Start of Block
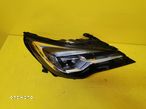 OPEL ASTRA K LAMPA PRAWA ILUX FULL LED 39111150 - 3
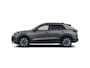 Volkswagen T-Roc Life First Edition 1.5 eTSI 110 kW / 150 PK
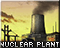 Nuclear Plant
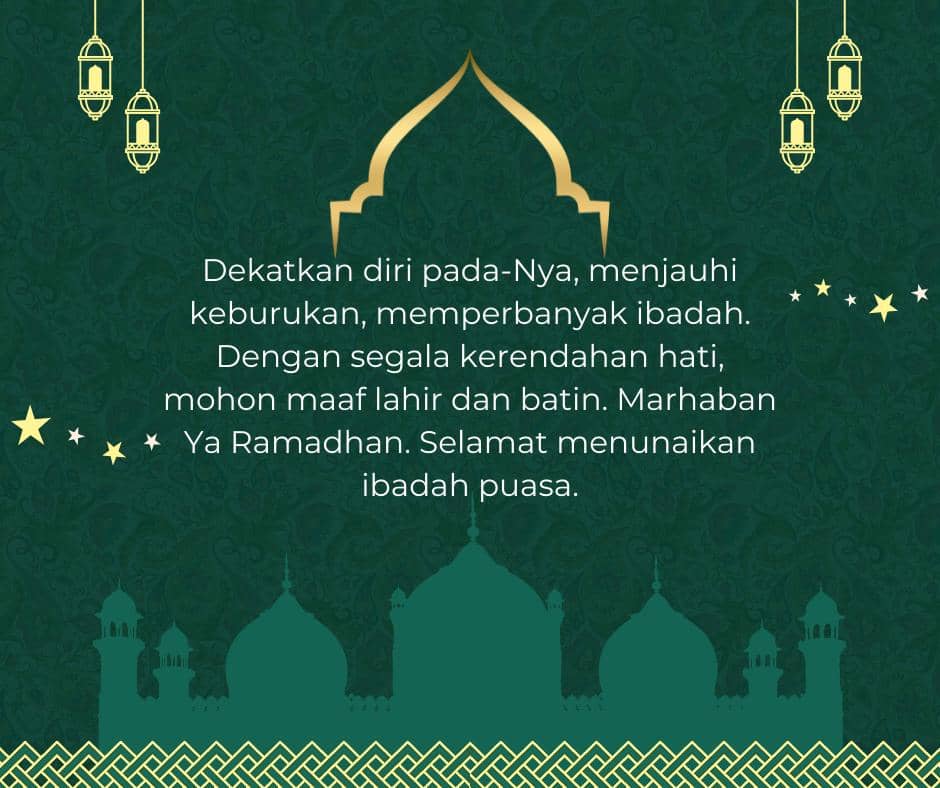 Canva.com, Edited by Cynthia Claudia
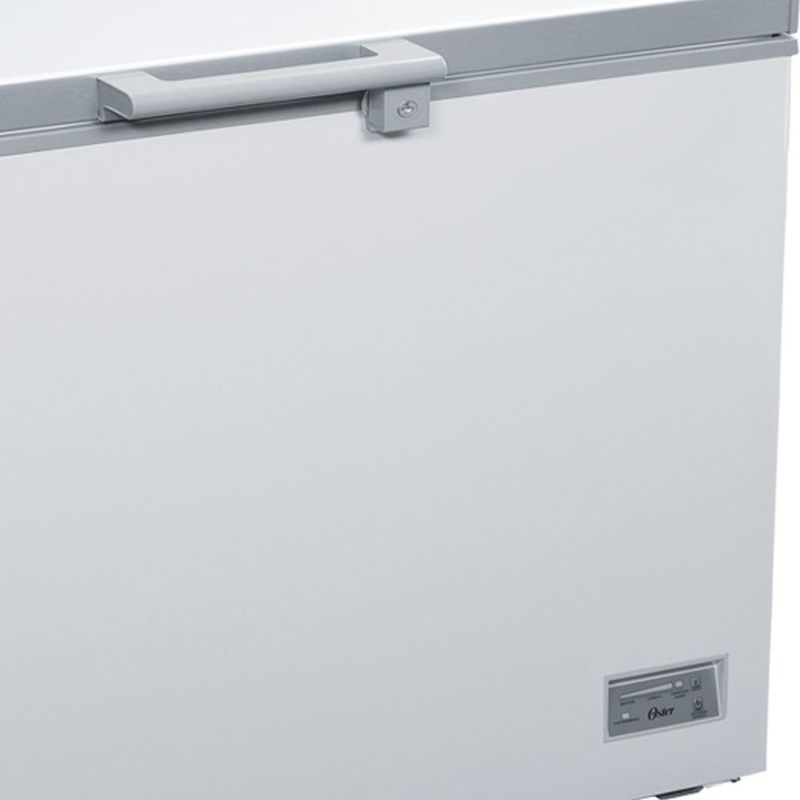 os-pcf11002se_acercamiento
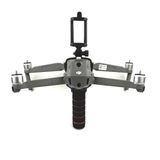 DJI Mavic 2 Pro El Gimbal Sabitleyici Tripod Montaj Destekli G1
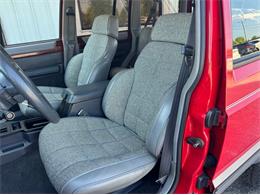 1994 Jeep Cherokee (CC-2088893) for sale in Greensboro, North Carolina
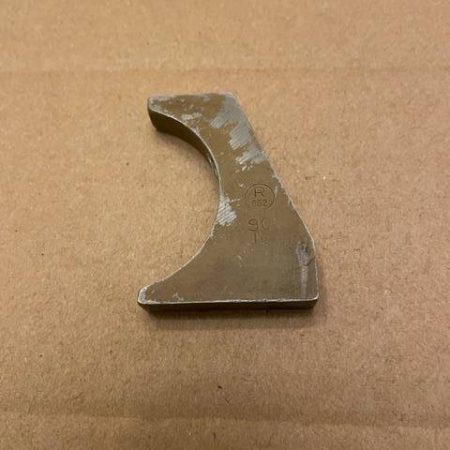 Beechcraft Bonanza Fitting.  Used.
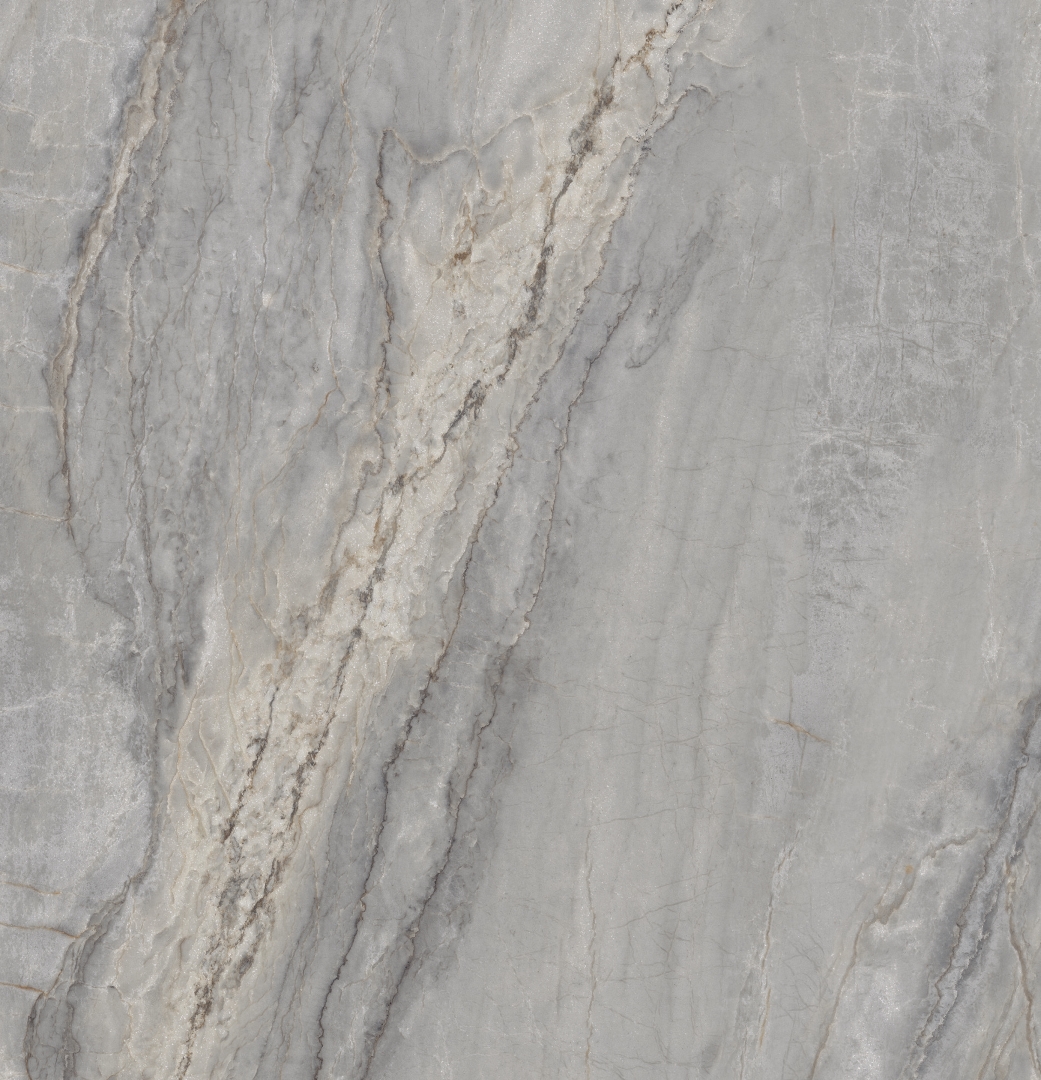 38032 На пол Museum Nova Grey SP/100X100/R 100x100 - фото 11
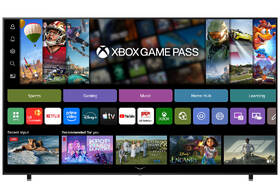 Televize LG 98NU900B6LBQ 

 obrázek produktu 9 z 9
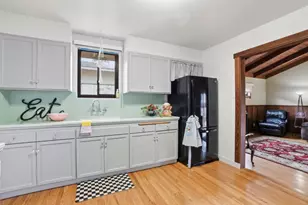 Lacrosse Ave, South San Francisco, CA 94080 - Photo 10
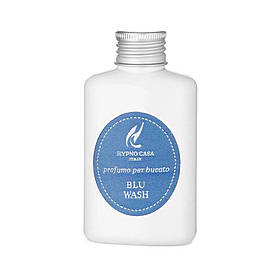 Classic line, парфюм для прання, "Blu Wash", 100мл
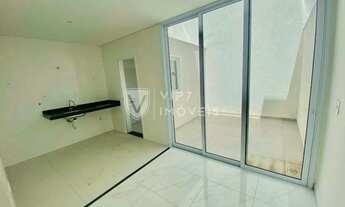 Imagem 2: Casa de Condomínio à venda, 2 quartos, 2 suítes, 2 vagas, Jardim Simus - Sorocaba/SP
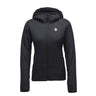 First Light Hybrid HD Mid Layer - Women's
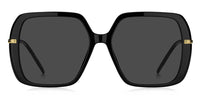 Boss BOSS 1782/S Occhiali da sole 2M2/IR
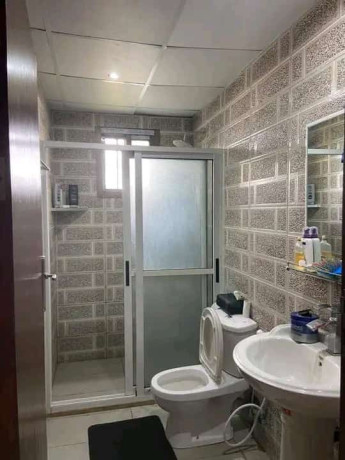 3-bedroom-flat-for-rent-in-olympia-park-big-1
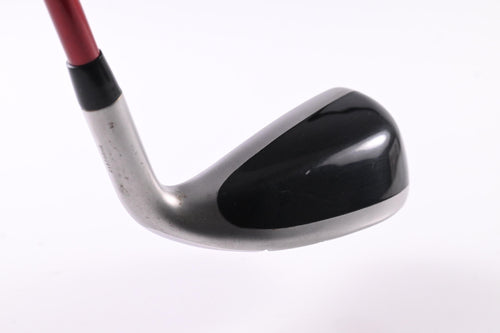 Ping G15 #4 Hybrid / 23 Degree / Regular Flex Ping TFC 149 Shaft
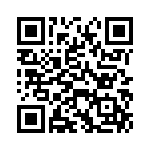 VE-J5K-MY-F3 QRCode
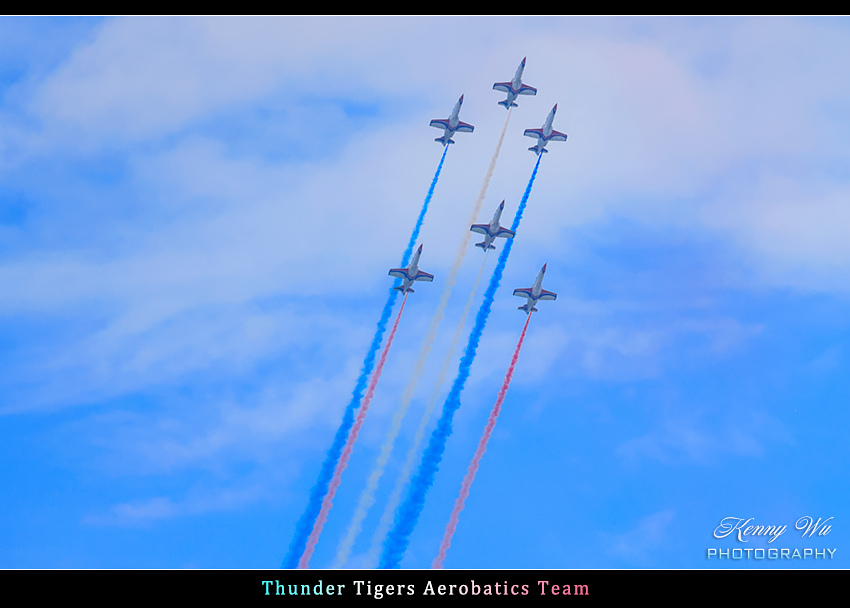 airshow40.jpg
End of Block
**What is required:** Pictures in the records above are not copied; print everything else exactly.

**Answer space:**
 OPEL ASTRA K LAMPA PRAWA ILUX FULL LED 39111150 - 3
 Volkswagen T-Roc Life First Edition 1.5 eTSI 110 kW / 150 PK
 Nuclear Plant
 Canva.com, Edited by Cynthia Claudia
 os-pcf11002se_acercamiento
 DJI Mavic 2 Pro El Gimbal Sabitleyici Tripod Montaj Destekli G1
 1994 Jeep Cherokee (CC-2088893) for sale in Greensboro, North Carolina
 Beechcraft Bonanza Fitting.  Used.
 38032 На пол Museum Nova Grey SP/100X100/R 100x100 - фото 11
 Televize LG 98NU900B6LBQ 

 obrázek produktu 9 z 9
 Lacrosse Ave, South San Francisco, CA 94080 - Photo 10
 Classic line, парфюм для прання, "Blu Wash", 100мл
 Imagem 2: Casa de Condomínio à venda, 2 quartos, 2 suítes, 2 vagas, Jardim Simus - Sorocaba/SP
 First Light Hybrid HD Mid Layer - Women's
 Boss BOSS 1782/S Occhiali da sole 2M2/IR
 3-bedroom-flat-for-rent-in-olympia-park-big-1
 Ping G15 #4 Hybrid / 23 Degree / Regular Flex Ping TFC 149 Shaft
 VE-J5K-MY-F3 QRCode
 airshow40.jpg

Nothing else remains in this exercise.